See, also, Landesman-Hirschheimer Co. v. Routzahn, C. C. H. Tax Service, Book 313, par. 9023; Prentice Hall Tax Service 1931, par. 499; appeal dismissed on motion of appellant (C.C.A.) 51 F. (2d) 1083; Boston Pressed Metal Co. v. United States (Ct.Cl.) 42 F.(2d) 312, 313; Logan-Gregg Hardware Co. v. Heiner (D.C.) 26 F.(2d) 131.
But even if a Collector is not chargeable for the erroneous application of a credit to the overpayment of taxes, there is no reason to recognize the distinction between cash and credit in a suit like the present against the United States under the permissive statute, 28 U.S.C.A. § 41 (20), which gives the District Court jurisdiction of any suit for the recovery of any internal revenue tax erroneously assessed or collected if the Collector by whom such tax was collected is dead or out of office when the suit is commenced. Manifestly, the main purpose of the act was to afford the taxpayer a convenient method of recovering his loss in his local District Court, and no sufficient reason appears for the attribution to Congress of the intent to restrict the remedy to payments in cash and to leave unaffected payments equally harmful and unjust which the taxpayer has made by credit. So far as the parties to the suit are concerned, an erroneous collection has been made and recorded in the Collector's books, and this reality should be recognized by a liberal construction of the statute so as to carry out the beneficent purpose of Congress. United States v. Emery, Bird, Thayer Realty Co., 237 U.S. 28, 35 S. Ct. 499, 59 L. Ed. 825; Schwab v. United States (C.C.A.) 17 F.(2d) 34.
The second count of the declaration is based on section 284 (c) of the Revenue Act of 1926, 44 Stat. 9, 66, which provides that if the invested capital of the taxpayer is decreased by the Commissioner owing to the fact that the taxpayer failed to make adequate deductions in previous years, resulting in overpayment of income or profit taxes therein, the amount of overpayment shall be credited or refunded without filing claim therefor, although the period of limitation provided in subdivisions 284 (b) or (g) has expired.
The question involved under this count is not of much practical importance to the parties in this suit because the plaintiff's position is open to the same attack as under the first count, that is, that a substantial part of the overpayment was *300 made by credit; and, furthermore, the amount recoverable in any event for the year 1920, under the second count, is less than that recoverable under the first count; while for the years 1917 and 1918, the amount recoverable under both counts is the same.
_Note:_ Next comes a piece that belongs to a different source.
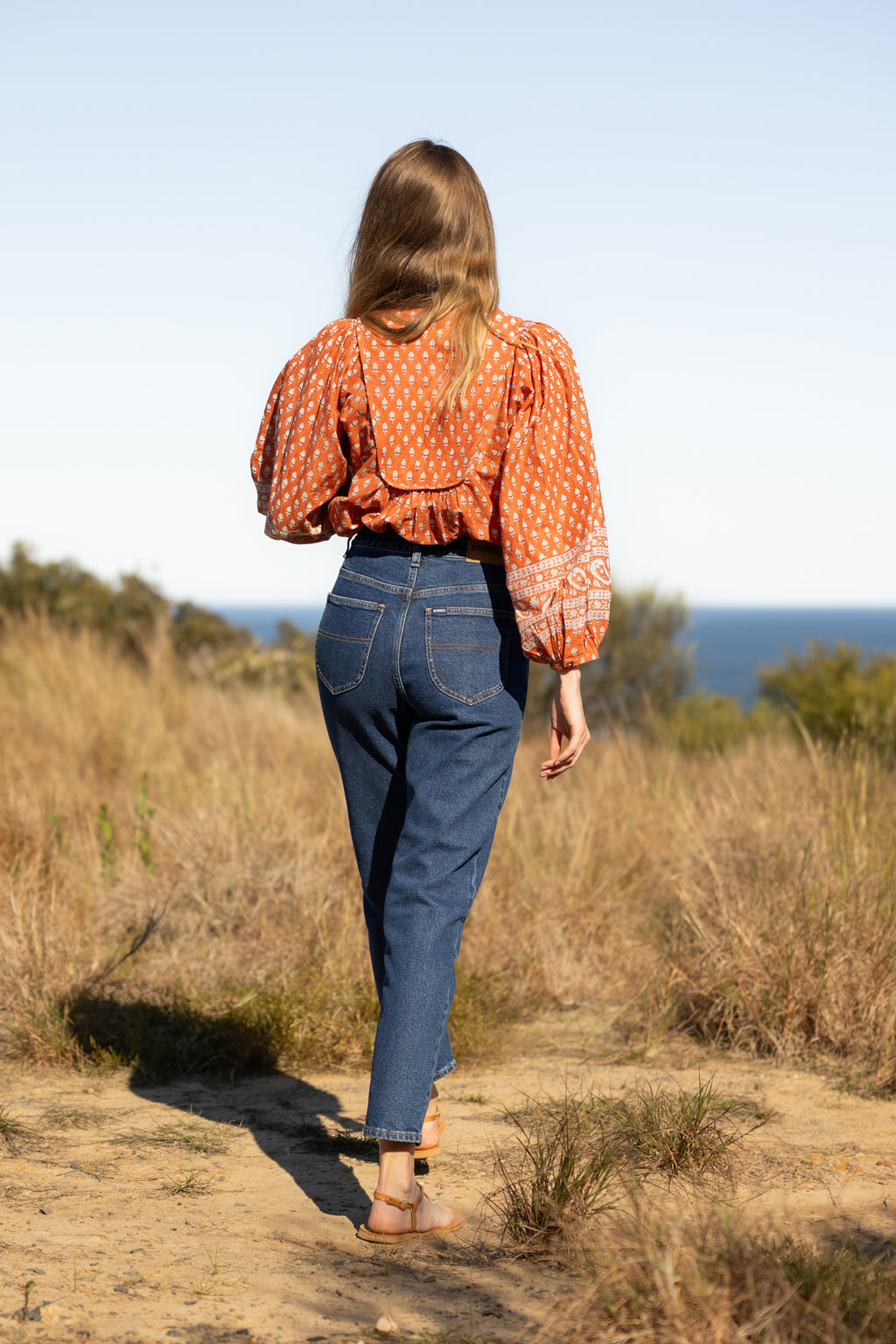 Made by Mortals women’s Desert Bloom Blouse with billowy sleeves, hand block printed bohemian cotton blouse in rust.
The difference between the two counts seems to be that in count 1 the taxpayer claims in general terms that an overassessment and overpayment of taxes for the years named took place, while in count 2 the particular claim is made that such overassessment and overpayment was brought about by the failure of the taxpayer to make adequate deductions for these years as the result of which the Commissioner later reduced the taxpayer's invested capital. The act provides that in such event the amount of the overpayment shall be credited or refunded without the filing of a claim therefor, even though the period of limitations has expired.
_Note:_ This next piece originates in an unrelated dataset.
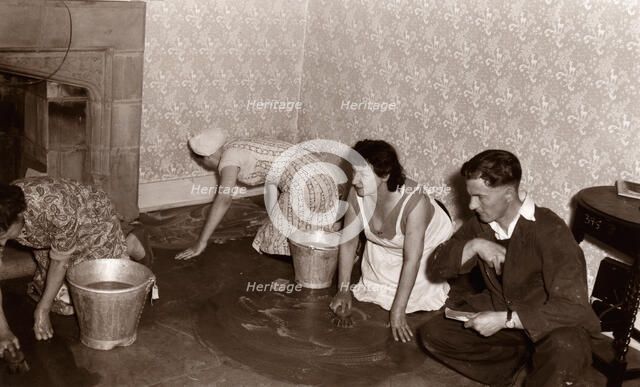 Three women scrub a stone floor on their hands and knees, 1956. Artist: Unknown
The contention of the United States is that although the taxpayer need not file a claim for refund to be entitled to a credit or refund for an overpayment, under section 284 (c) he is none the less required by Rev.St. § 3226, as amended, 26 U.S.C.A. §§ 1672-1673, if he wishes to bring suit against the United States to recover the overpayment, first to file a claim for refund or credit with the Commissioner of Internal Revenue. Section 3226 explicitly provides that no suit shall be maintained for the recovery of any internal revenue tax erroneously assessed or collected unless such claim is filed; and the contention is that while a claim is not a necessary basis for a refund or credit through administrative channels, it is essential to the maintenance of a suit against the United States if the Commissioner refuses relief. There is authority to support this position. See Foster Box Board Co. v. Clarke (D.C.) 7 F. Supp. 682; Schrader's Son v. United States (C.C.A.) 51 F.(2d) 1038; Renfrew Mfg. Co. v. United States (D.C.) 53 F. (2d) 404.
We think, however, that the position of the Government is not tenable. Section 3228, as amended by section 1112 of the Revenue Act of 1926, 44 Stat. 9, 115 (26 U.S.C.A. § 1433 note), provides that claims for refund or credit, except as provided in section 284, shall be presented to the Commissioner of Internal Revenue within four years next after the payment of the tax. The general purpose of this enactment to give the appropriate administrative officials of the Government notice of the nature and amount of the claim and an opportunity to pay or adjust the claim before suit, is obvious, but manifestly no advance notice is necessary when the justice and amount of the claim has already been approved by the Commissioner, and the filing of the claim with him will add nothing to the information in his possession. Furthermore, it may well be that the four-year period for the filing of claims will have expired before the Commissioner's determination is made, so that the filing of the claim will then be barred. In such a contingency the construction of the statute for which the Government contends would defeat its very purpose. See Crossett Timber Co. v. United States (D.C.) 38 F.(2d) 814.
Affirmed.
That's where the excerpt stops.